In order to become properly registered as an LLP with the South Dakota Secretary of State, a company must satisfy a number of requirements. One of these requirements is for the LLP’s name to contain “Registered Limited Liability Partnership,” “R.L.L.P.”, ”RLLP”, “L.L.P.”, “Limited Liability Partnership,” or “LLP” at the end. Generally, an LLP will need a registered agent that is willing to receive official documents on behalf of the LLP. The registered agent can be a noncommercial registered agent with a street address in South Dakota, a commercial registered agent, or someone involved in the LLP with an office address in the state. However, a domestic LLP, which is an LLP who has chosen to register as an LLP for the first time in South Dakota, can avoid this requirement if it establishes its main office in South Dakota. Every LLP will also need to file paperwork with the South Dakota Secretary of State.
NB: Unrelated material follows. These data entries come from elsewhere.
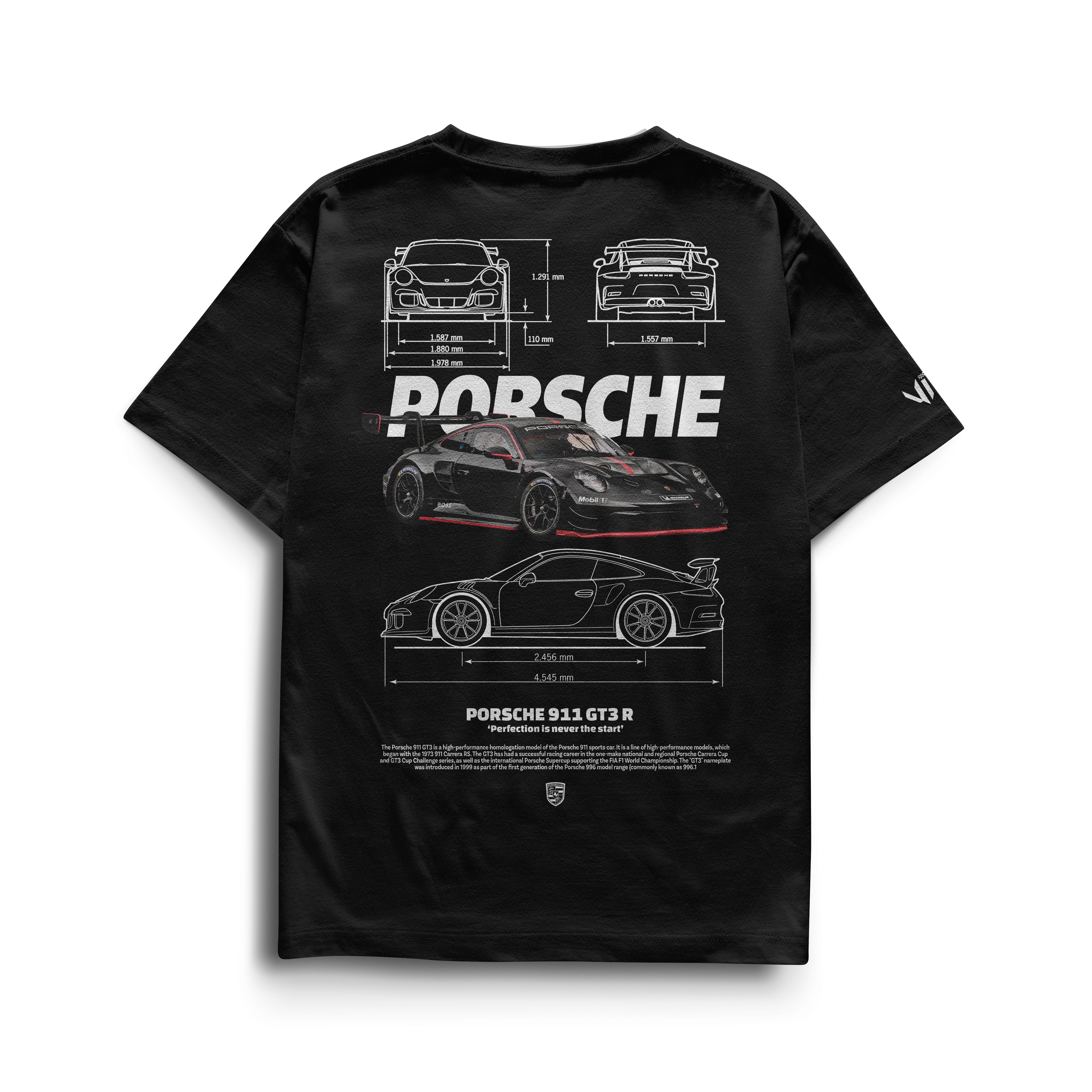 Camiseta Porsche GT3 RS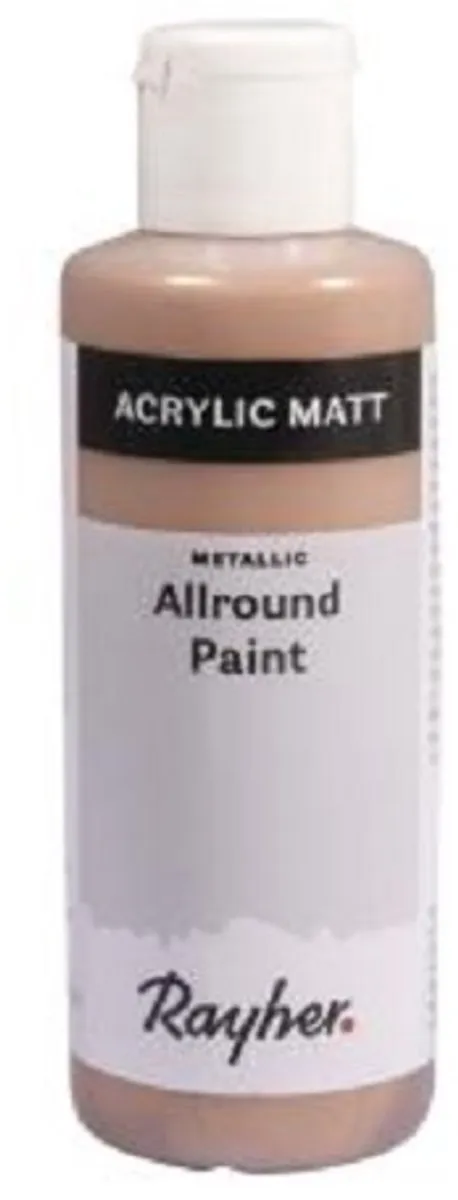 RAYHER Acrylverf Mat Metallic Bronze 80ml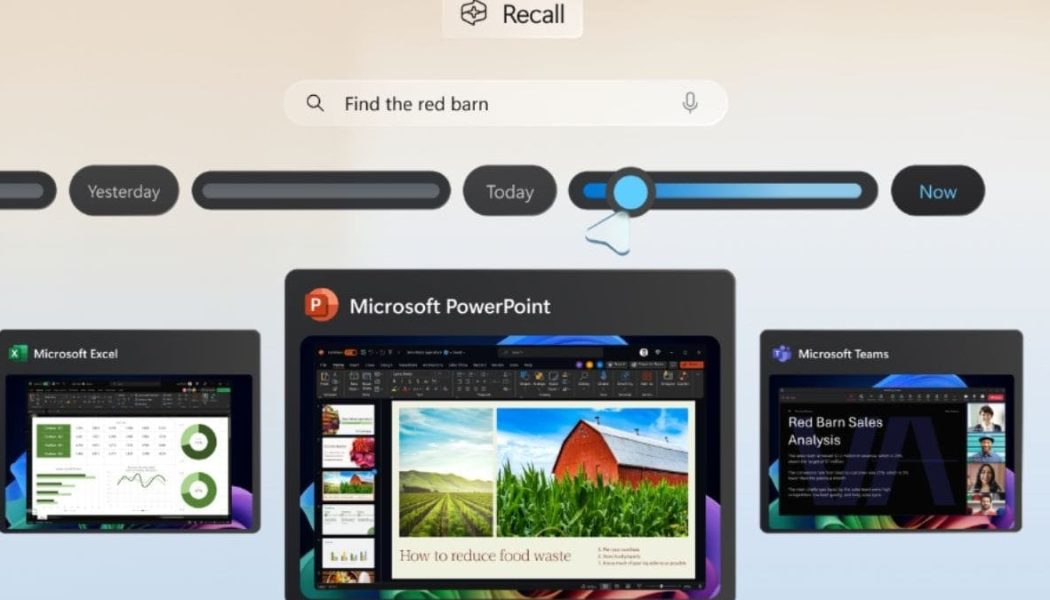 Microsoft, kullanıcıları adım adım izleyen “Recall” özelliğini erteledi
There are different paperwork requirements for domestic LLPs and non-domestic, or foreign, LLPs, but all of paperwork for both kinds of LLPs can be filed via mail. Domestic LLPs have to fill out a Statement of Qualification for a Domestic Limited Liability Partnership. The form requires one to provide the name of the LLP and the street address of the LLP’s chief executive office, as well as the main mailing address for the LLP if it varies from the office’s street address. You will also need to provide the appropriate identification and contact information for the LLP’s registered agent if the LLP’s chief executive office is located outside of South Dakota and a deferred effective date for the paperwork if you do not wish for it to be effective upon filing. Finally, the form needs to be signed by at least two of the LLP’s partners.
Foreign LLPs must file a Statement of Qualification for a Foreign Limited Liability Partnership. For this form, you will need to give the LLP’s name, the jurisdiction where the LLP was first registered, the street address of the chief executive office of the LLP, the mailing address for the LLP in the event that it varies from the office’s street address, an effective date for the paperwork if the you want it date to be deferred, and the contact and identification information of the LLP’s registered age. You will also need to get two of the LLP’s partners to sign the form before you send it in, and you will need to send in a Certificate of Existence along with the form.
The profits of an LLP are not taxed twice like a corporation’s profits are. Instead, they are only taxed once, as income through each partner’s personal income tax filing. A major benefit of creating an LLP in South Dakota is that one will not need to pay taxes on any of the profits the LLP earns in South Dakota because the state does not have a personal income tax.
South Dakota does require every LLP to file an annual report. If you are late in filing the report, you will be charged a $50 late fee, and if you continue to be delinquent in submitting the report, your LLP could face administrative dissolution.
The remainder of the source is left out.